HAIC: Humanoid Agile Object Interaction Control via Dynamics-Aware World Model

Published 12 Feb 2026 in cs.RO | (2602.11758v1)

Abstract: Humanoid robots show promise for complex whole-body tasks in unstructured environments. Although Human-Object Interaction (HOI) has advanced, most methods focus on fully actuated objects rigidly coupled to the robot, ignoring underactuated objects with independent dynamics and non-holonomic constraints. These introduce control challenges from coupling forces and occlusions. We present HAIC, a unified framework for robust interaction across diverse object dynamics without external state estimation. Our key contribution is a dynamics predictor that estimates high-order object states (velocity, acceleration) solely from proprioceptive history. These predictions are projected onto static geometric priors to form a spatially grounded dynamic occupancy map, enabling the policy to infer collision boundaries and contact affordances in blind spots.
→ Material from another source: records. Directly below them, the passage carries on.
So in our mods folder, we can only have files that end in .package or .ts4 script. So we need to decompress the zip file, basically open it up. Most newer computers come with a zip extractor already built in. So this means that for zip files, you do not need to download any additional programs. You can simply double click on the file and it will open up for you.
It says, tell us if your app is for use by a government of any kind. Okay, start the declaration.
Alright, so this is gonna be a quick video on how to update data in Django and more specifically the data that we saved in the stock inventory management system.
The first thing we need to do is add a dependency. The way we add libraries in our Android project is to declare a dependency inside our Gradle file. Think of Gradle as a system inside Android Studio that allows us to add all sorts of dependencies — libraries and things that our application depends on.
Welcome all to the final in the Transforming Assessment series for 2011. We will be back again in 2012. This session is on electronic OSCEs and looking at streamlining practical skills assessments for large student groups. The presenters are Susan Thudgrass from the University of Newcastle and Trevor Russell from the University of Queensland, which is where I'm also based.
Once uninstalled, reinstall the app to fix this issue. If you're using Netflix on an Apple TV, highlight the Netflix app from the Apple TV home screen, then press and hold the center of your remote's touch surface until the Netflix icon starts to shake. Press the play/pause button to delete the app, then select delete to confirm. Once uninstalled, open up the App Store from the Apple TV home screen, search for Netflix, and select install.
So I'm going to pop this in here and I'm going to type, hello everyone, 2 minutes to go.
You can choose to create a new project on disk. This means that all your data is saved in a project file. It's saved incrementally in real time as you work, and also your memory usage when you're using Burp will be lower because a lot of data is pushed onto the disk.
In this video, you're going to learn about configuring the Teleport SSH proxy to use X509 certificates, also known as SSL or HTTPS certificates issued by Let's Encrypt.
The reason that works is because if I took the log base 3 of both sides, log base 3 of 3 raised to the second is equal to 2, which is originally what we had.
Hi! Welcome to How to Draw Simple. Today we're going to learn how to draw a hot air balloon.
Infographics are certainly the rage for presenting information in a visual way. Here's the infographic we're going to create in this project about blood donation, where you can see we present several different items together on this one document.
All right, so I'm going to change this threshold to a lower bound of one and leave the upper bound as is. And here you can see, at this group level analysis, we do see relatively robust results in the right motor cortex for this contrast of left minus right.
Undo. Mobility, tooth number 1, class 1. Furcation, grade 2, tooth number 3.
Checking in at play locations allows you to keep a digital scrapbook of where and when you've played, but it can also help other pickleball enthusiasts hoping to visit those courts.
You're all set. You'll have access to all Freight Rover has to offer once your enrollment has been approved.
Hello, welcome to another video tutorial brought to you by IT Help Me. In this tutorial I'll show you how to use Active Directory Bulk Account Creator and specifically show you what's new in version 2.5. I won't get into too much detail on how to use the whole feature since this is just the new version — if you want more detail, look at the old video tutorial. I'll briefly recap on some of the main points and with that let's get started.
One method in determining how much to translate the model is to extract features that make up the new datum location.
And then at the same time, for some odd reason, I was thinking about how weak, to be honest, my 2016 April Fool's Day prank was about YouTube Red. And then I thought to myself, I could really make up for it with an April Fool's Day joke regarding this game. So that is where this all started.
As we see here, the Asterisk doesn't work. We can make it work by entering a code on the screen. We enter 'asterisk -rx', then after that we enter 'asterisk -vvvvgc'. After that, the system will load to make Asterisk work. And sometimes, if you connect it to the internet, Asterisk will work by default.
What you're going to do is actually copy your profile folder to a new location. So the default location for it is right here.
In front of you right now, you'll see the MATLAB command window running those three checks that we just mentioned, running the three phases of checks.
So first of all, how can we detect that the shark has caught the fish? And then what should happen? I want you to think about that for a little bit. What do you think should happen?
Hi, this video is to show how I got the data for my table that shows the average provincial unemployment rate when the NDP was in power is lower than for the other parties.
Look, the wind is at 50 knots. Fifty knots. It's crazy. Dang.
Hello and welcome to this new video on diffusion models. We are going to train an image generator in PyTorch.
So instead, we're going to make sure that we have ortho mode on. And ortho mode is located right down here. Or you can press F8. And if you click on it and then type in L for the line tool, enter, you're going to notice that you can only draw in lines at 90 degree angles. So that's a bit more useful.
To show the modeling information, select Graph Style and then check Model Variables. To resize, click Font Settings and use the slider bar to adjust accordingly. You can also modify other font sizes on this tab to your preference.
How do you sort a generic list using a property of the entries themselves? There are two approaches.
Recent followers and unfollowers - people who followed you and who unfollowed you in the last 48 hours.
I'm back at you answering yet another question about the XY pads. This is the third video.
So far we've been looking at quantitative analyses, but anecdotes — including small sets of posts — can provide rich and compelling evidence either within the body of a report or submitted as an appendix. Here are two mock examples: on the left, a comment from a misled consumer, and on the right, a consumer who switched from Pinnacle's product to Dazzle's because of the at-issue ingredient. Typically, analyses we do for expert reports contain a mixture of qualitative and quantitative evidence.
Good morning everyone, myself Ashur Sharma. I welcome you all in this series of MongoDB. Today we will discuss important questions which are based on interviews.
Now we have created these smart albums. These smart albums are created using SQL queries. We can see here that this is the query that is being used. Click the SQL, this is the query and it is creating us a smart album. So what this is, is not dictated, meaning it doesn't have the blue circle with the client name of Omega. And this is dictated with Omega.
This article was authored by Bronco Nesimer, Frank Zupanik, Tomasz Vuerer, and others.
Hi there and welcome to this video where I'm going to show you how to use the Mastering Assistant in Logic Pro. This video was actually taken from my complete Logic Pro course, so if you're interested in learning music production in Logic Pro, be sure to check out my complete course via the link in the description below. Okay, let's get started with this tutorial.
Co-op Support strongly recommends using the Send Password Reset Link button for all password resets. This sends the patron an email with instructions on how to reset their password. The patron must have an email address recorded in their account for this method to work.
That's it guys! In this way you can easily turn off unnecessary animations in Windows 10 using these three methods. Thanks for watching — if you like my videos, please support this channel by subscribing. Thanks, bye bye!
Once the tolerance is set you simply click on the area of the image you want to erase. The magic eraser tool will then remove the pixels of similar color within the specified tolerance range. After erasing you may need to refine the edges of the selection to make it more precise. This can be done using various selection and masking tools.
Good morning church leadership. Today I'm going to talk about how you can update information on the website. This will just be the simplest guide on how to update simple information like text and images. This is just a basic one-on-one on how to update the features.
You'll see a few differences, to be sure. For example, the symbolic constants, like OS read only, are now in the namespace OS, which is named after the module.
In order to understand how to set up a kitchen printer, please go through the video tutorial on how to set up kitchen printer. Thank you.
We use asymmetric fine-tuning, where a world model continuously adapts to the student policy's exploration, ensuring robust state estimation under distribution shifts. Experiments on a humanoid robot show HAIC achieves high success rates in agile tasks (skateboarding, cart pushing/pulling under various loads) by proactively compensating for inertial perturbations, and also masters multi-object long-horizon tasks like carrying a box across varied terrain by predicting the dynamics of multiple objects.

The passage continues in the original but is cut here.